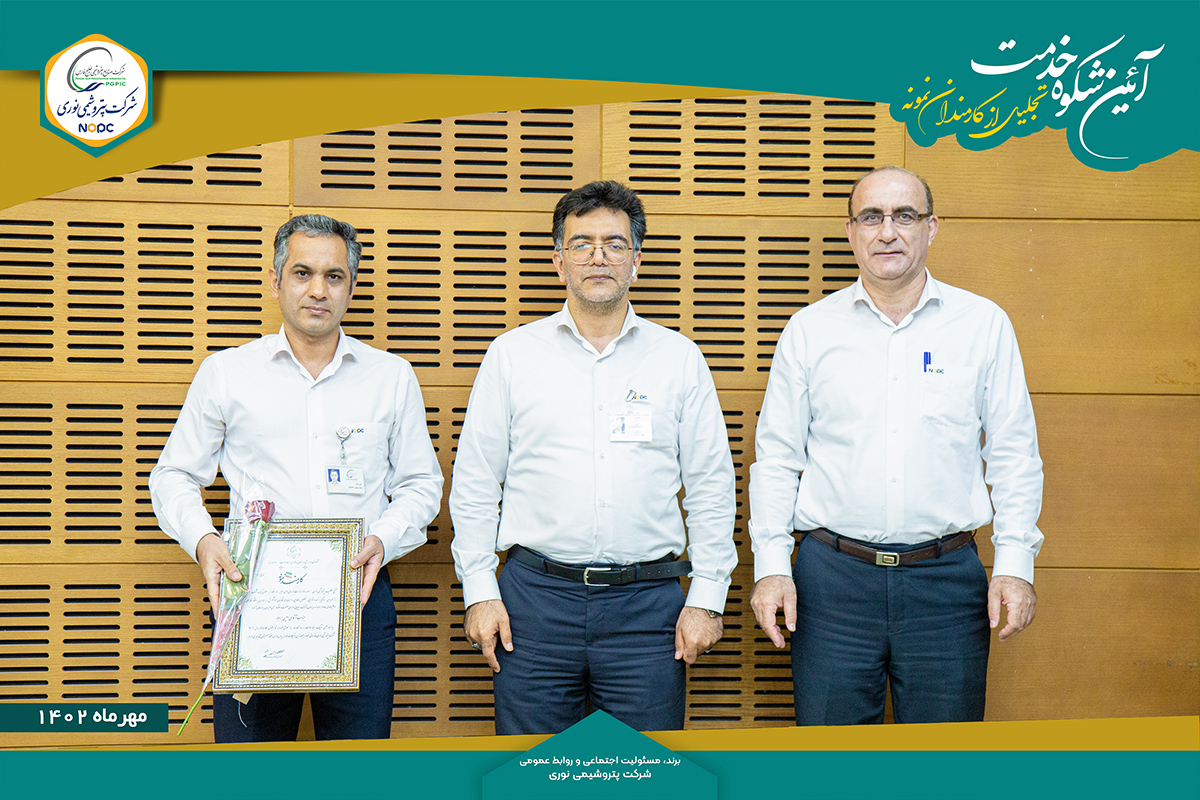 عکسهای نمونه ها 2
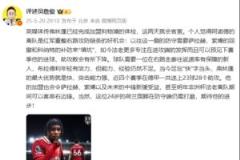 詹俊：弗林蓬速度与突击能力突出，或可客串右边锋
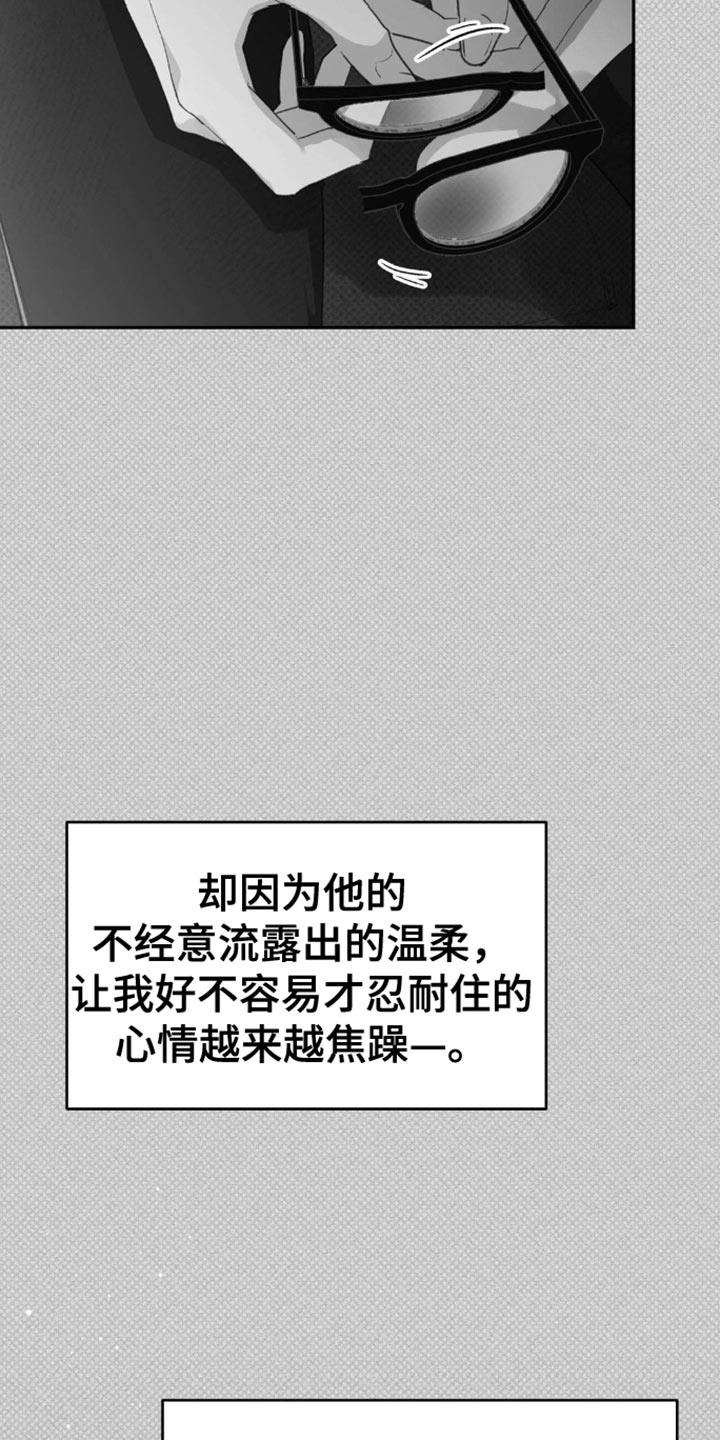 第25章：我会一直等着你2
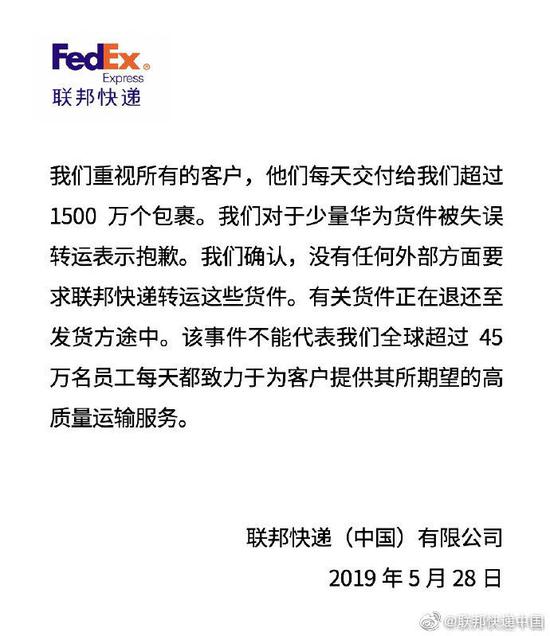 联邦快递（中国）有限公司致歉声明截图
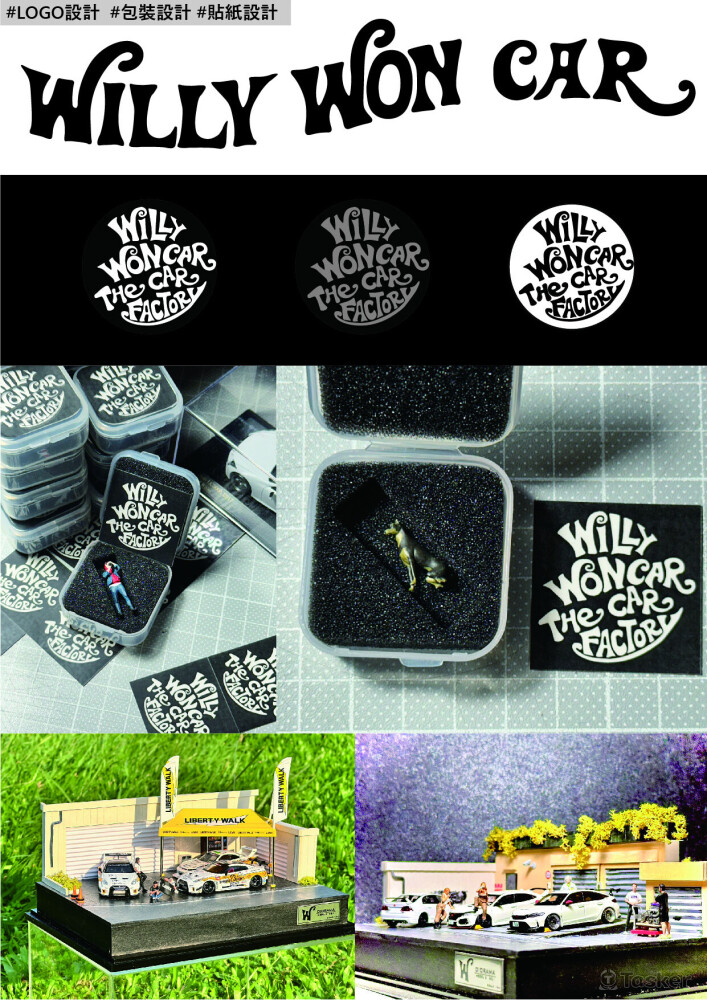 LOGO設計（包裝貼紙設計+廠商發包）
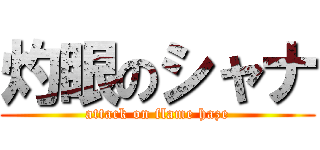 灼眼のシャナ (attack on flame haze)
---
GOAL OF THE EXERCISE: Leaving every picture out, please copy exactly the lines from the one holding "联邦快递（中国）有限公司致歉声明截图" through the last line of the listing, both ends included.

RESPONSE BOX:
 联邦快递（中国）有限公司致歉声明截图
 LOGO設計（包裝貼紙設計+廠商發包）
 灼眼のシャナ (attack on flame haze)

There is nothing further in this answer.